=== Section Start ===

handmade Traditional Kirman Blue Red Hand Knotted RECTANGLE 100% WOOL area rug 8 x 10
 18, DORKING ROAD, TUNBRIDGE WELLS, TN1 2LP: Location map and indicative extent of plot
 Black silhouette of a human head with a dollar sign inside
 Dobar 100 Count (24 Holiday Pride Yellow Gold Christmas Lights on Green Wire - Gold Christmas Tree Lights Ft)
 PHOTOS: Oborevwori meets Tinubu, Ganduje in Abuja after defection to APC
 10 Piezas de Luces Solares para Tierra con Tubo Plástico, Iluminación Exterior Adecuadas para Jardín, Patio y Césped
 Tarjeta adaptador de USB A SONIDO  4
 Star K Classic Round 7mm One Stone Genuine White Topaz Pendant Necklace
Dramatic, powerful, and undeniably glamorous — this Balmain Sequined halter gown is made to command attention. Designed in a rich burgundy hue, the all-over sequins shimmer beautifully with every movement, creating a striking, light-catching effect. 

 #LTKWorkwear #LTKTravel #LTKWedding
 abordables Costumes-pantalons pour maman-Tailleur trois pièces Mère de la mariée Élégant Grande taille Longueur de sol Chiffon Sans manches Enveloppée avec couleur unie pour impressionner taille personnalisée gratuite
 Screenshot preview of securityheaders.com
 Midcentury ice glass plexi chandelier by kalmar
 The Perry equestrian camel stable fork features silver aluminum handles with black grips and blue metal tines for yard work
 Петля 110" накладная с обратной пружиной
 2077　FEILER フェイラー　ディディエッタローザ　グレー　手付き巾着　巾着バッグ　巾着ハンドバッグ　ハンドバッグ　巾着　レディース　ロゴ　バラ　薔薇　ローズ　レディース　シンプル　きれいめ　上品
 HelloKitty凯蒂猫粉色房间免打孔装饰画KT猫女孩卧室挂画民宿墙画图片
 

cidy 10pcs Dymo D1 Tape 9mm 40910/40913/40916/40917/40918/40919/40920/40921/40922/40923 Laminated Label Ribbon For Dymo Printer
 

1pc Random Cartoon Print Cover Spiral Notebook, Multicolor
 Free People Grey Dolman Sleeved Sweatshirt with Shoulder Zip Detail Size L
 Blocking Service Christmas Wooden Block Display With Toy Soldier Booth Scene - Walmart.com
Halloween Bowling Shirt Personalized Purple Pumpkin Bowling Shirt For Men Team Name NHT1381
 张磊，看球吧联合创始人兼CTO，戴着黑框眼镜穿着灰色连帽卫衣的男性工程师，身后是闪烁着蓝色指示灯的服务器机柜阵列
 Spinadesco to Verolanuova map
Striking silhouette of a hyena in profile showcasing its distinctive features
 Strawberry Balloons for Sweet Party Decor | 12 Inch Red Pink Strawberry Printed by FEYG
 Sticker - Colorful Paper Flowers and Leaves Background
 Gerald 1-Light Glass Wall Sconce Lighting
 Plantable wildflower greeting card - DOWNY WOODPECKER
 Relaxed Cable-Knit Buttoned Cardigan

=== Section End ===

- _AIM OF THE TASK_
Could you retype exactly the lines above, starting at the line that contains "Black silhouette of" and ending at the line that contains "PHOTOS: Oborevwori meets", and nothing more?

- _ANSWER SECTION_
 Black silhouette of a human head with a dollar sign inside
 Dobar 100 Count (24 Holiday Pride Yellow Gold Christmas Lights on Green Wire - Gold Christmas Tree Lights Ft)
 PHOTOS: Oborevwori meets Tinubu, Ganduje in Abuja after defection to APC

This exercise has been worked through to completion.